At Eris Intelligence, we’ve analysed predictions from a wide range of industry sources to give readers an overview of what experts think is going to happen next year. Our analysis reveals an industry keen to present a picture of innovation and modernisation: that said, unspoken challenges also emerge from our analysis of the top trends – and these challenges are not insignificant.

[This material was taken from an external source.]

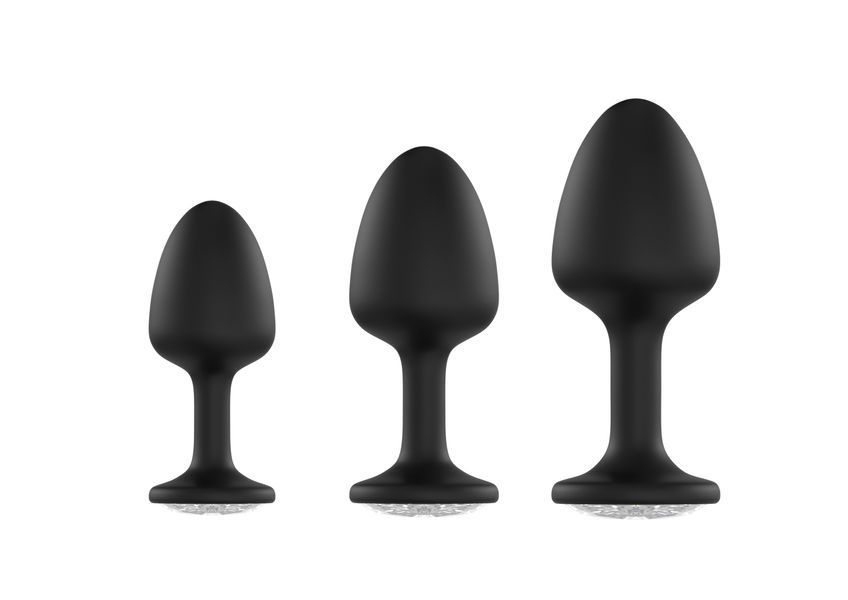 Анальна пробка Dorcel Geisha Plug Diamond L з кулькою всередині, створює вібрації, макс. діаметр 4см MD1304 фото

Stablecoin settlement, Agentic commerce, and embedded payments
One theme dominated above all others: the steady march toward blockchain-based infrastructure, particularly stablecoin settlement rails. Nine separate organisations predicted stablecoins would become more prevalent, with agentic commerce and AI-driven transactions, close behind at eight mentions, followed by three votes for invisible or embedded payments, three for rising consumer expectations of seamless digital experiences, and two predicting that digital ID will reshape payment approvals. The same handful of ideas surfaced again and again, revealing an interesting theme.

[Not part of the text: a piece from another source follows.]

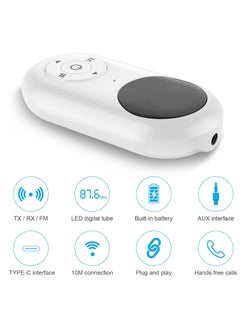 General Airplane Bluetooth 5.3 Transmitter for All Headphones - Bluetooth Adapter for TV - Dual Connection- aptX Low Latency - Flying Travel,Long Flight Essentials - Wireless Audio Aux for MP3,Gym,Game,PC  - Image 2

| Prediction | Frequency in 2026 look-aheads |
| Stablecoins used for settlement | 9 mentions |
| Agentic Commerce and AI-driven transactions | 8 mentions |
| Embedded payments; seamless user experiences | 6 mentions |
| Digital ID to revolutionise authentication | 2 mentions |
What’s really out there?
The repetitions reveal a gap between the language of innovation and the reality of where investment and attention are actually going. Based on what experts are predicting for the new year, payments firms are focusing on a narrow set of infrastructure upgrades, faster settlement, deeper automation, and less visible friction, each marketed as transformational.
“In 2026, payments will focus on a narrow set of infrastructure upgrades, faster settlement, deeper automation and lower user friction.”
This illuminates a dominant narrative: payments are finally catching up with the realities of a real-time digital economy. But look more closely and a fragile picture emerges. These trends are not independent. Stablecoin rails only work at scale with robust digital identity and automated compliance. Agentic commerce faces similar hurdles. Invisible payments improve user experience precisely by removing human authorisation steps that once acted as informal safeguards. Progress is measured in milliseconds saved and friction removed rather than in resilience gained. Yet many of the frictions now being engineered away serve a purpose: delay, review, human judgement, and regulatory pause.
Some customers are alert to the increased fragility of digital finance. Usage of physical cash has risen in several markets over the past five years. This isn’t nostalgia or resistance to technology. It’s a rational response to systems that feel faster but are less transparent, and a nod to the continued importance of offline resilience.
ERIS SAYS: There are no settled solutions yet, but we can expect a struggle over who controls the new authorisation and identity layer of finance. Governments frame it as sovereignty. Banks see a last defensible moat. Tech giants view it as the gateway to ecosystem dominance and agent-led commerce. Together they produce a system that is more interdependent and less legible.
This is the uncomfortable subtext missing from most 2026 predictions. As an industry, we speak as if modernisation is inevitable and unambiguously positive, but the evidence suggests something different: transactions are becoming faster at a more rapid rate than we are able to govern and manage them. The challenge for the new year will be to find a balance between rapid innovation and building a resilient foundation which can sustain the current pace of change and not risk yet more fraud.